INPUT DATA:
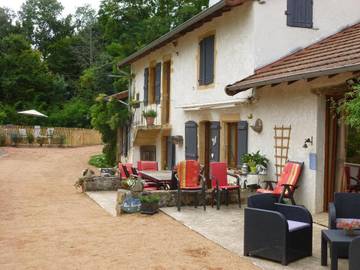 Maison d’hôte pour 3 personnes, avec jardin ainsi que vue et piscine à Iguerande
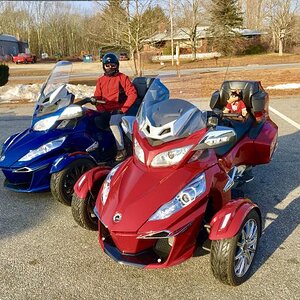 IMG 0472
Spyder ride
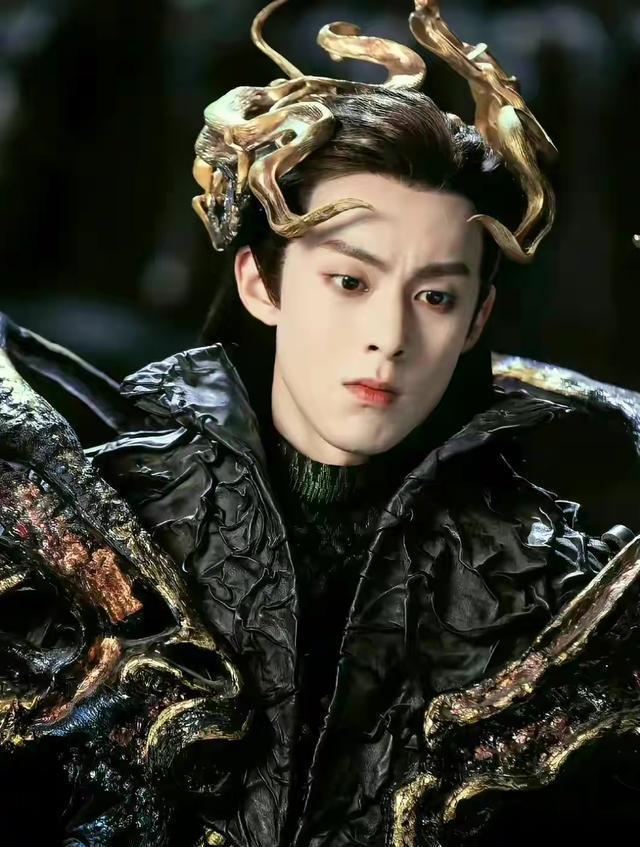 月尊大人在人间要遵守人间规则让助理代排队做核酸王鹤棣道歉3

EXERCISE REQUIREMENTS:
Copy each line above exactly. Images do not belong in the copy.

TASK SOLUTION:
 Maison d’hôte pour 3 personnes, avec jardin ainsi que vue et piscine à Iguerande
 IMG 0472
Spyder ride
 月尊大人在人间要遵守人间规则让助理代排队做核酸王鹤棣道歉3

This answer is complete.